MHB Is Stokes' Theorem Applicable to a Sphere in This Solution?

[kalish1]

I would like to know if my following solution to a problem is valid or not.

**Problem:**

If $S$ is a sphere and $F$ satisfies the hypotheses of Stokes' theorem, show that $$\iint_{S}F\cdot ds =0.$$

**Solution:**

Stokes' theorem claims that if we "cap off" the curve $C$ by any surface $S$ (with appropriate orientation) then the line integral can be computed in terms of the curl. Solving mathematically, let $S$ be the surface of the sphere and be bounded by a curve $C$ and let $\vec F$ be the vector field which satisfies Stokes' theorem. Then, for every closed path $\int_{C}^{} \vec F \cdot \vec dr = 0$ because $\vec F$ is a conservative vector field in Stokes' theorem.
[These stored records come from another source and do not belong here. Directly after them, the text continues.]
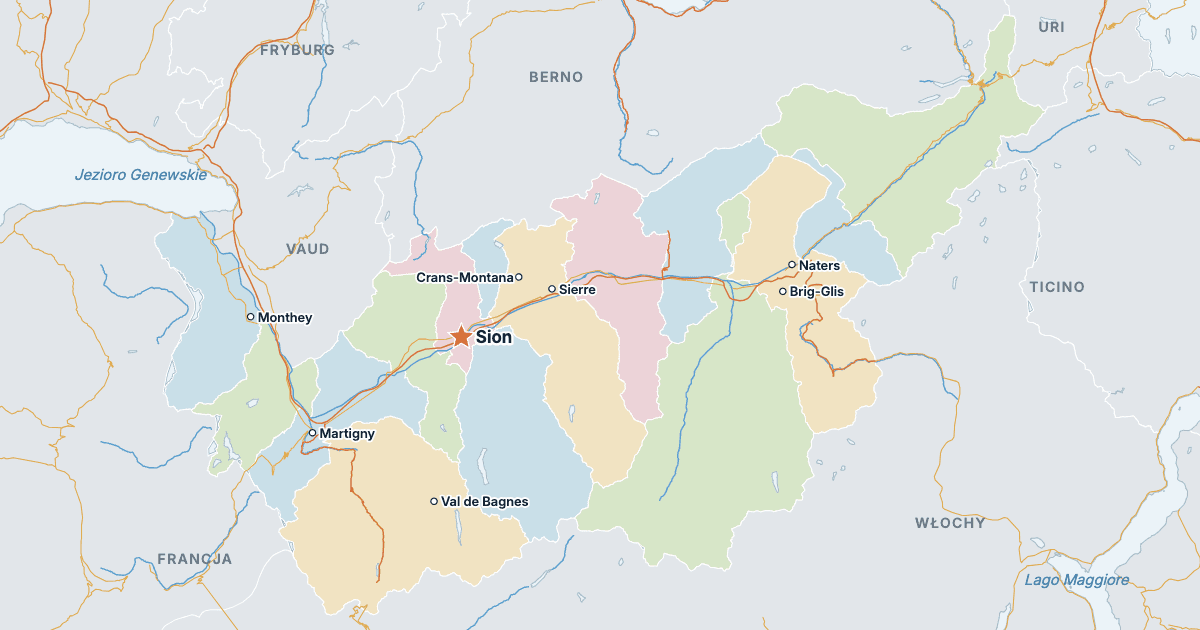 Mapa kantonu Valais z największymi miastami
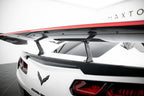Alerón de carbono con soportes cuello de cisne + LED para Chevrolet Corvette Stingray / Grand Sport C7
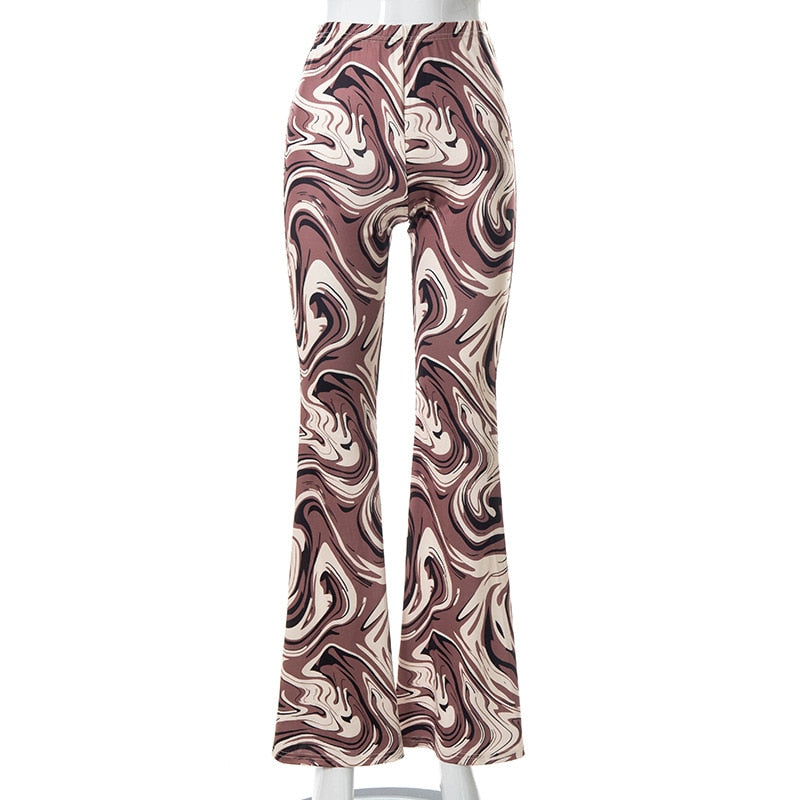 Funki Findz | Pants | Women's Ripple Print Flared Bell Bottoms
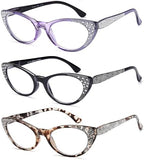 EYEURL 3-Pack Cat Eye Reading Glasses for Women Blue Light Glasses Fashion Computer Readers with Spring Hinge Anti-Glare Readers for Women 1.5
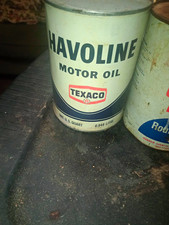 Texaco Havoline Motor Oil 1 U.S. Quart Advertising Can White Blue Red picture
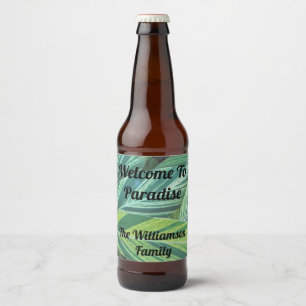 Rótulo Para Garrafa De Cerveja Bem-vindo às Folhas Tropicais em Greve de Paraíso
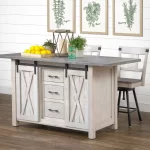 Our Lahoma Kitchen island with sliding barn doors
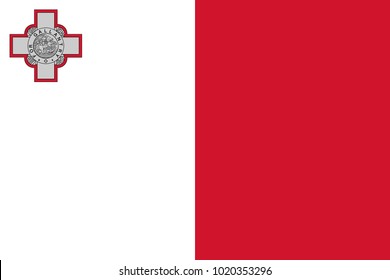 Malta flag with official colors and the aspect ratio of 2:3. Flat vector illustration.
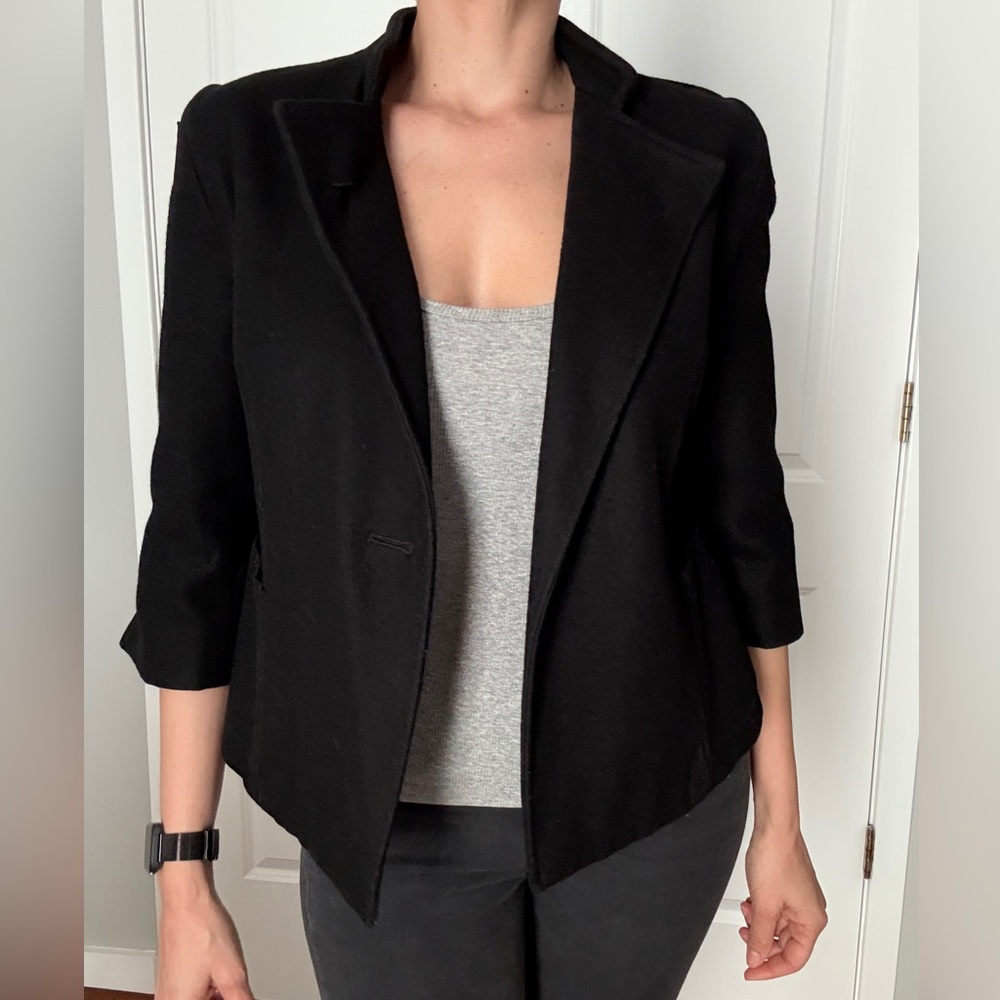 Black Blazer with Notched Lapel and Textured Fabric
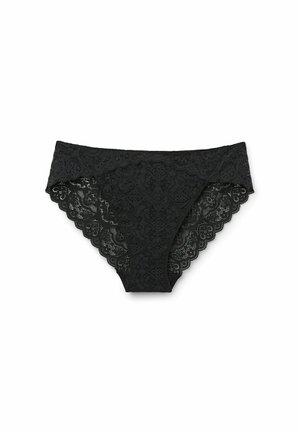Zwarte kant panty met bloemenpatronen, golvende randen en een semi-doorzichtige textuur. Ontworpen voor een aansluitende stijl met een elastische tailleband.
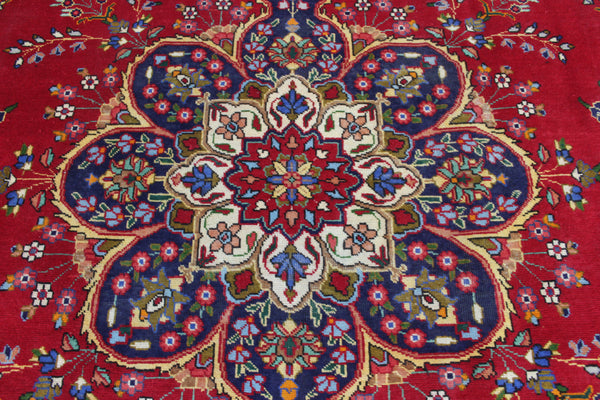 Large Persian Tabriz Rug 382 × 300 cm – Hand-Knotted Wool Vintage Carpet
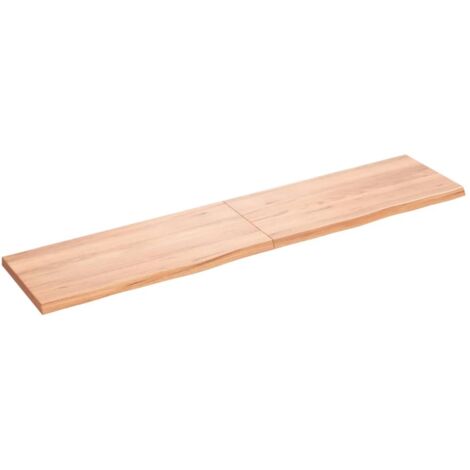 Tischplatte Hellbraun 180x40x(2-4)cm Massivholz Eiche Behandelt vidaXL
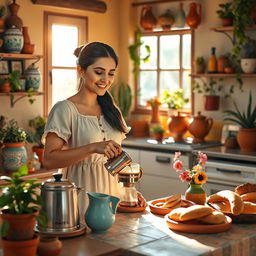 A vibrant and warm morning scene depicting Ana Margarita in her cozy kitchen, making coffee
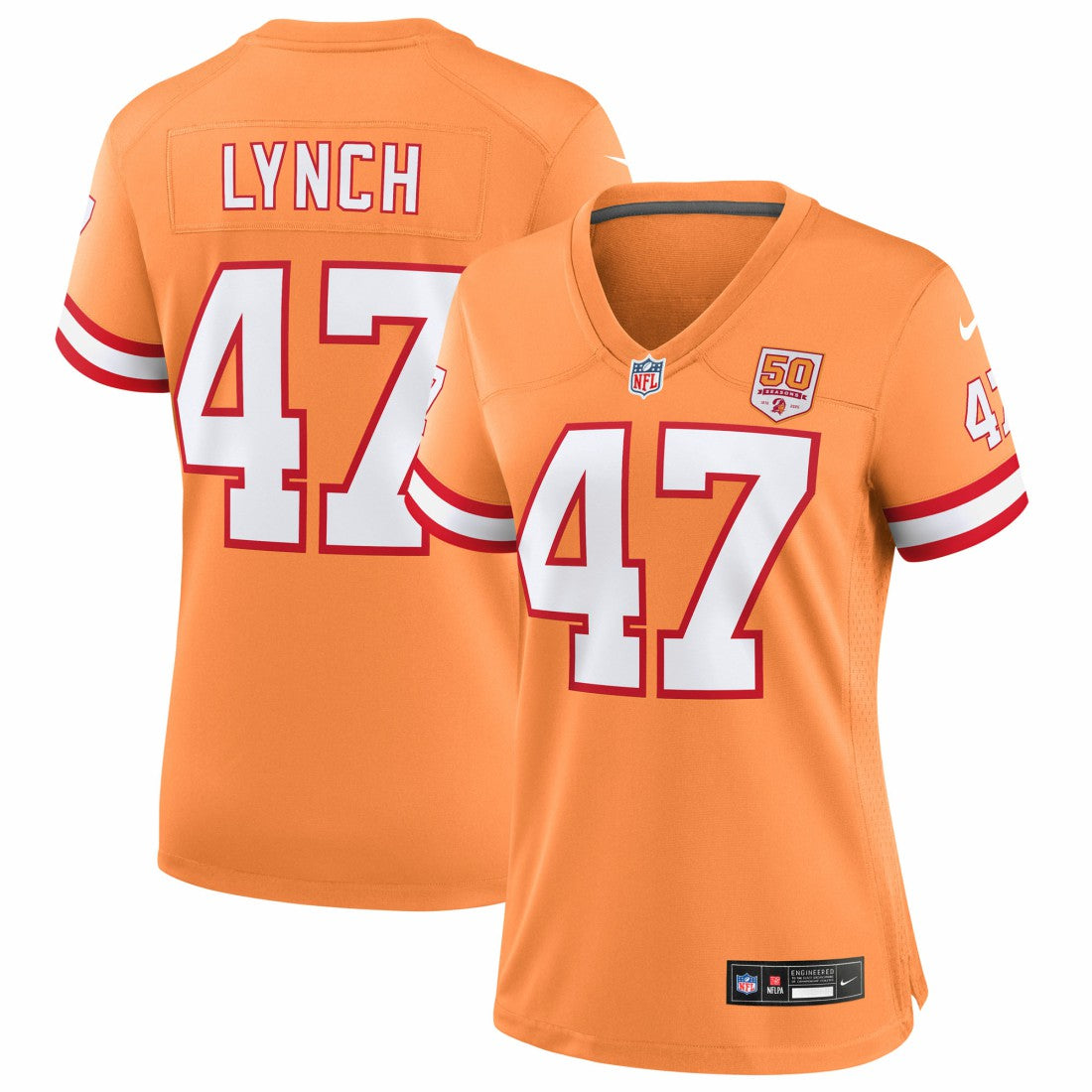John Lynch Tampa Bay Buccaneers Women's 50th Season Game Jersey - Creamsicle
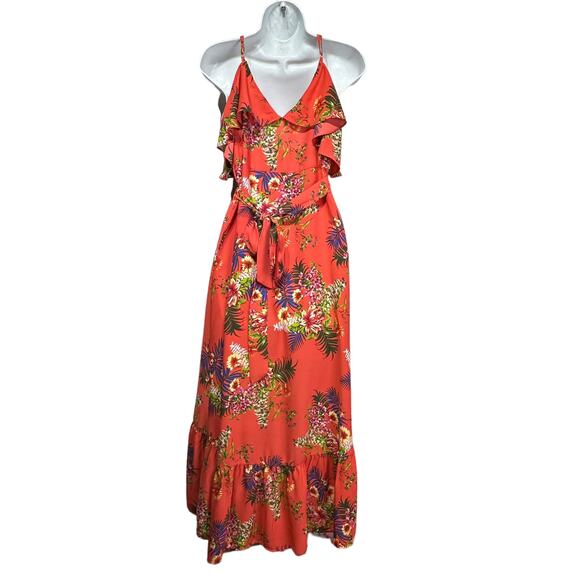 kaiya floral ruffle wrap high low dress Size L - Picture 3 of 8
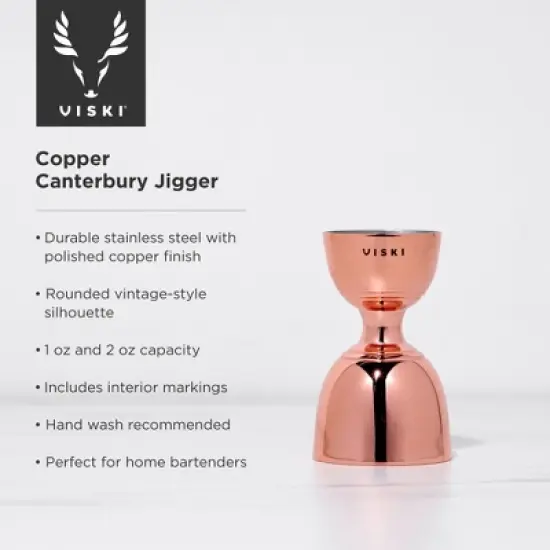 Viski Canterbury Double Measure for Cocktails, Bar Tools and Accessories Stainless Steel Bartender Tool Measuring Shot Copper Set of 1 image {1}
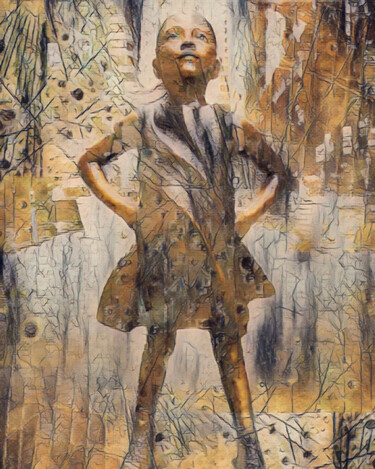 Painting titled "Fearless Girl Futur…" by Tony Rubino, Original Artwork, Acrylic Mounted on Wood Stretcher frame
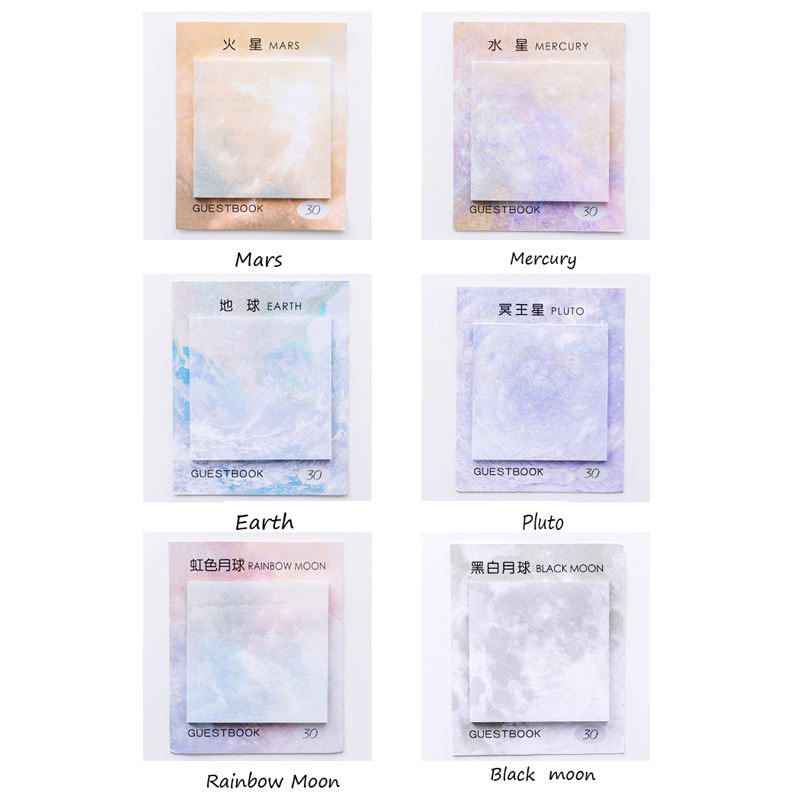 Yatniee 3Pcs/Pcak Cartoon Planeet Zelf Sticky Notes Memo Pad Notepad Leuke Planner Stickers Student Bladwijzer Briefpapier Supply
Hence by Stokes' theorem we get $\int_{C}^{} \vec F \cdot \vec dr = \int_{}^{}\int_{S}^{} \vec F \cdot \vec ds = 0$ (from the definition of conservative field.)

I have cross-posted this question here and here:
http://math.stackexchange.com/questions/740899/validity-of-following-solution
Validity of following solution - Math Help Forum

 

[I like Serena]

I would like to know if my following solution to a problem is valid or not.

**Problem:**

If $S$ is a sphere and $F$ satisfies the hypotheses of Stokes' theorem, show that $$\iint_{S}F\cdot ds =0.$$

**Solution:**

Stokes' theorem claims that if we "cap off" the curve $C$ by any surface $S$ (with appropriate orientation) then the line integral can be computed in terms of the curl. Solving mathematically, let $S$ be the surface of the sphere and be bounded by a curve $C$ and let $\vec F$ be the vector field which satisfies Stokes' theorem. Then, for every closed path $\int_{C}^{} \vec F \cdot \vec dr = 0$ because $\vec F$ is a conservative vector field in Stokes' theorem. Hence by Stokes' theorem we get $\int_{C}^{} \vec F \cdot \vec dr = \int_{}^{}\int_{S}^{} \vec F \cdot \vec ds = 0$ (from the definition of conservative field.)

I have cross-posted this question here and here:
http://math.stackexchange.com/questions/740899/validity-of-following-solution
Validity of following solution - Math Help Forum

Hi kalish!

Your problem statement does not seem to be quite correct.

If $S$ is a sphere it would not be a capped off closed curve.
In other words, Stokes would not apply.

Perhaps Gauss's theorem is intended?
$$\iint_{\partial V} F \cdot dS = \iiint_V \nabla\cdot F dV$$Furthermore, can you clarify what you mean by the hypotheses of Stokes' theorem?
The only thing I can think of, is the condition of Stokes' theorem that says that the curl of the vector field must be properly defined on the surface.

Either way, something more must have been intended, otherwise the integral would not be guaranteed to be zero.